The tectonic plates of global politics shifted in Copenhagen last week, and it was tiny Tuvalu that exposed the rift. For more than a decade, developing countries have maintained an uneasy united front at climate conferences, one resolved to force the big polluters of the West to cut their emissions and to defend the innocence of developing countries.
The rift that was exposed last Wednesday has profound geopolitical significance. Third World solidarity -- indeed, the idea of the Third World itself -- dates from the Bandung conference in 1955, a meeting of Asian and African nations aimed at resisting colonialism and neo-colonialism.
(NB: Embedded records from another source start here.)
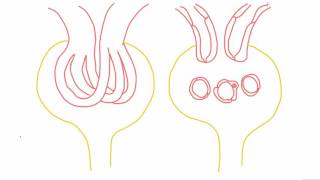 Mesangial cells  anatomy and function [upl. by Euridice]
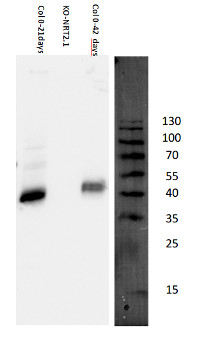 NRT2.1/Nitrate transporter 2.1 Antibody in Western Blot (WB)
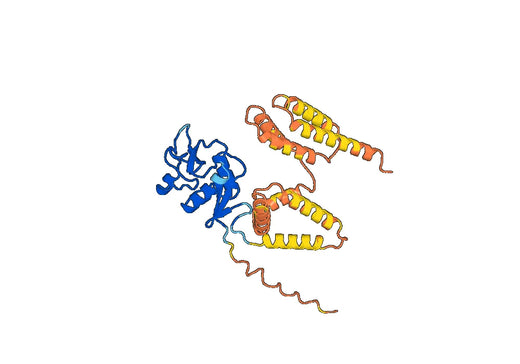 Human CD209 recombinant protein in mammalian cells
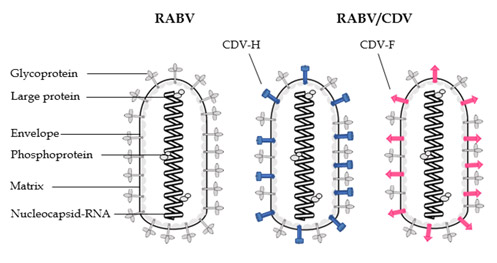 Rabies virus (left) was genetically modified to carry either the canine distemper virus H protein (middle, shown in blue) or F protein (right, shown in pink) on its surface. Rabies virus (left) was genetically modified to carry either the canine distemper virus H protein (middle, shown in blue) or F protein (right, shown in pink) on its surface.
At every climate conference, the G77 -- or more usually G77 plus China -- has been the developing country bloc that faced up to the big powers of the United States, Europe and Japan. But is has always been an awkward alliance, combining nations mired in poverty with those industrialising rapidly, and nations rich in oil with those dependent on imports.
Frequently, the G77 was represented by oil-exporting nations, such as Saudi Arabia, bent not on defending the interests of the South but on protecting oil revenues by sabotaging any agreement to cut emissions.
On Wednesday, Tuvalu finally broke the veneer of solidarity. Speaking for the most vulnerable countries -- the small island states and the mainly African least-developed countries -- Tuvalu called for the creation of a contact group to discuss a Copenhagen Protocol, which would require large developing country emitters to take on legally binding emission reductions.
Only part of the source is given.